Wednesday 20 June 2012

New physio to SPACE has touch to match ambitions of him & clinic

Introducing SPACE's newest recruit: physio Jon Twynham! 


We are thrilled to be able to have recruited him from Aberdeen to join us at 'Inner' SPACE Central at Dalry Road.


He has been well known to us for a few years as he has been a partof the support team to the Spaceclinics.com sponsored Scotland Touch team from  Bristol at the last European Championships through the Touch World Cup in Edinburgh to the next Europeans in September in Italy.

Well qualified for the role of staff physio at SPACE, 'JT' has great experience at a spotts' injury clinic in Aberdeen as well as being physio to the Scotland Womens' rugby 7s and XVs teams currently.



Enjoy his presence from today, June 20th, as JT will be joining Stephen in the Olympic Village as polyclinic physio from the end of July!
We hope you will agree he will add great value to the SPACE team as our 6th physiotherapist on site, available on Mondays, Wednesdays & Thursdays.



He is certainly looking forward to being a part of the team building on our reputation for quality acquisitions & added value in specialist areas from rowing to rugby, touch football to tae kwon do!

Tuesday 19 June 2012

Pacific Tour continues to Samoa

Sport opens many doors: employment; honours; trophies; dinners+meetings.
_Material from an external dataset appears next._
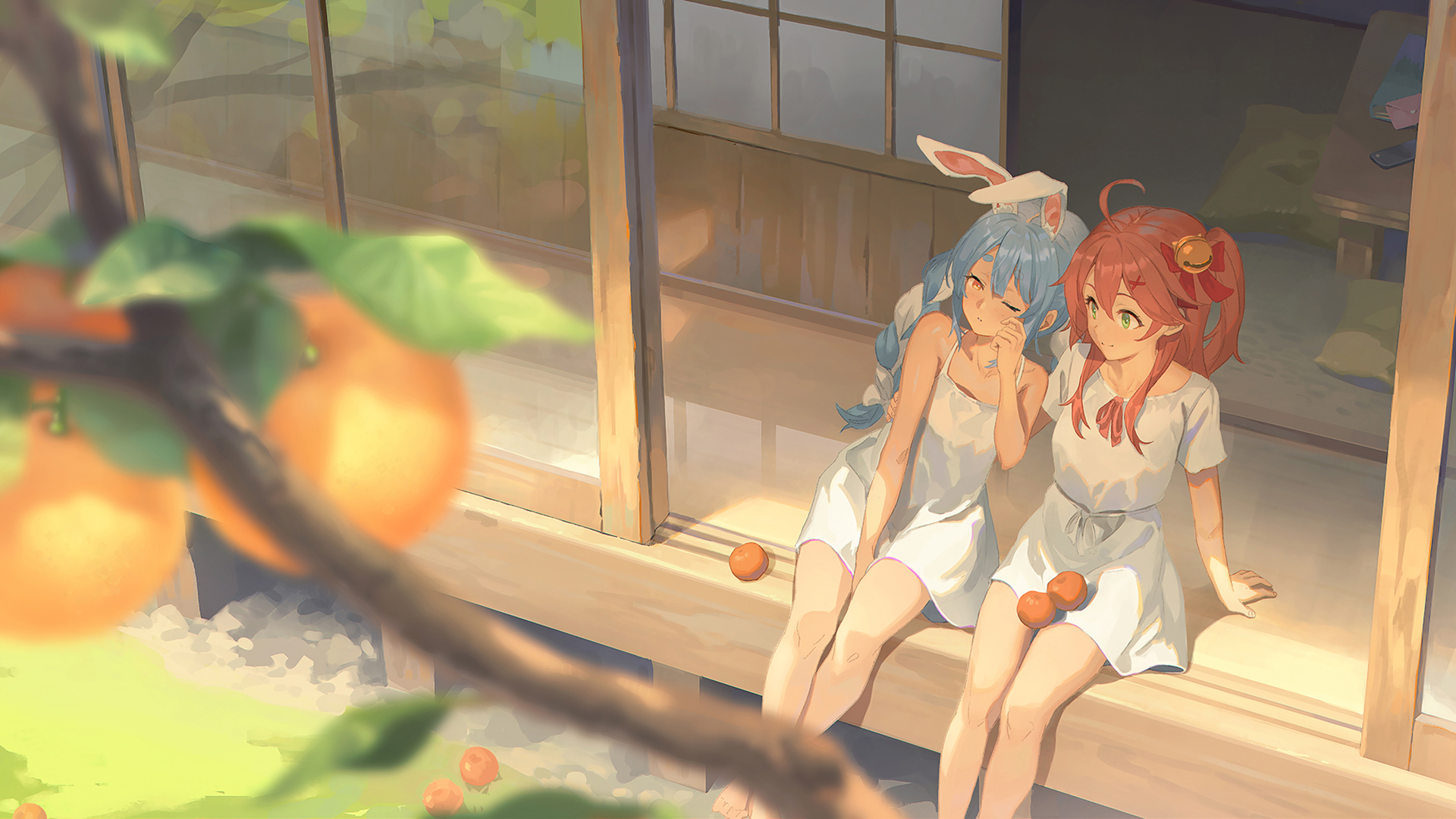 庭院里的夏天,果树,姐妹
It also occasionally delivers on trips to venues where you may rarely consider visiting outwith an organised tour-such are the risks or hassles: we can think back to visits to Tblisi perhaps, or Dubai/ India+Pakistan when armed bodyguards are requirements for sporting bouts.
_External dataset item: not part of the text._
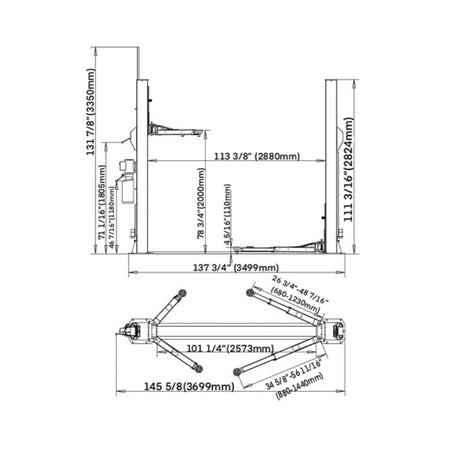 Stratus Floor Plate Open 10k lbs Single Point Manual Release 2-Post Car Lift SAE-F10S, Alamoequipment.com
This rugby tour to the Pacific Islands by Scotland has really delivered on the cultural & unexpected fronts: even regarding the weather.
After last week's intermittent rains & sunshine the party arrived in Samoa in the early hours of Sunday morning to warm & glorious sunshine.
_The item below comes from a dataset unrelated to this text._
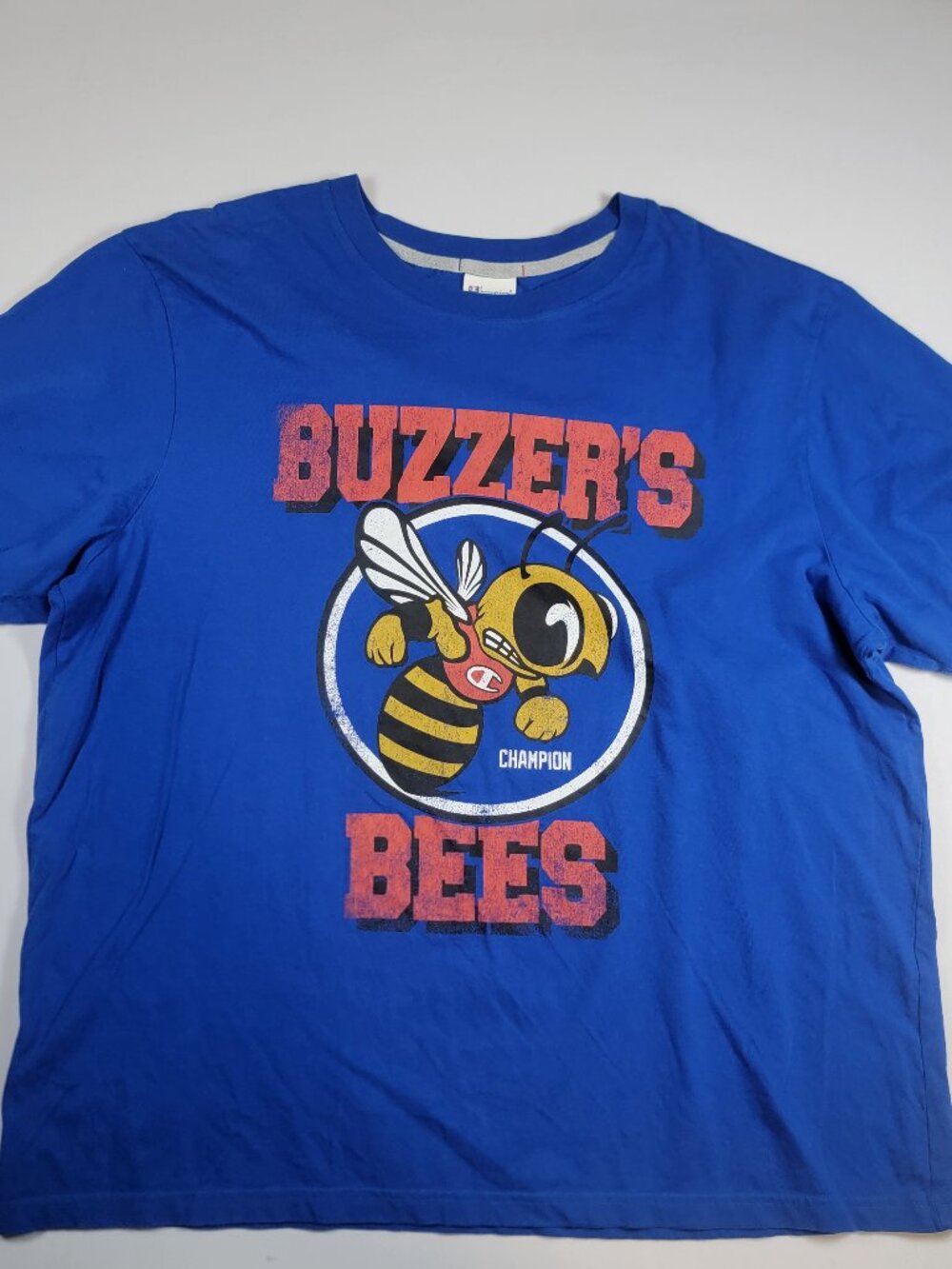 Champion Buzzer's Bees Graphic Tee Mens XL Royal Blue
Early morning runs by the management has seen them report significant sweating even at 7am so we can expect afternoon temperatures to be plus 30 degrees centigrade. Another challenge to the squad whilst training this week then!
Samoa is a group of ten islands roughly halfway between Hawaii & New Zealand with a strongly Polynesian demographic. Whilst the culture of Christianity pervades many aspects of the way of life, sundays here are quiet with churches thronged with people singing in local languages.


One of the Pacific's most famous hotels, "Aggie Grey's" is in the capital, Apia, the largest urban centre with a population 37000 (out of a total if 140000). This colonial building is a remarkable affair with rooms based on traditional 'fales' appearing to be rising out of the jungle with different levels of building giving the feel of a wonderfully rambling construction designed for the tropics. It was very popular with the Hollywood set of the 1950s with visitors like Gary Cooper, Marlon Brandon, William Holden & Cheryll Ladd. 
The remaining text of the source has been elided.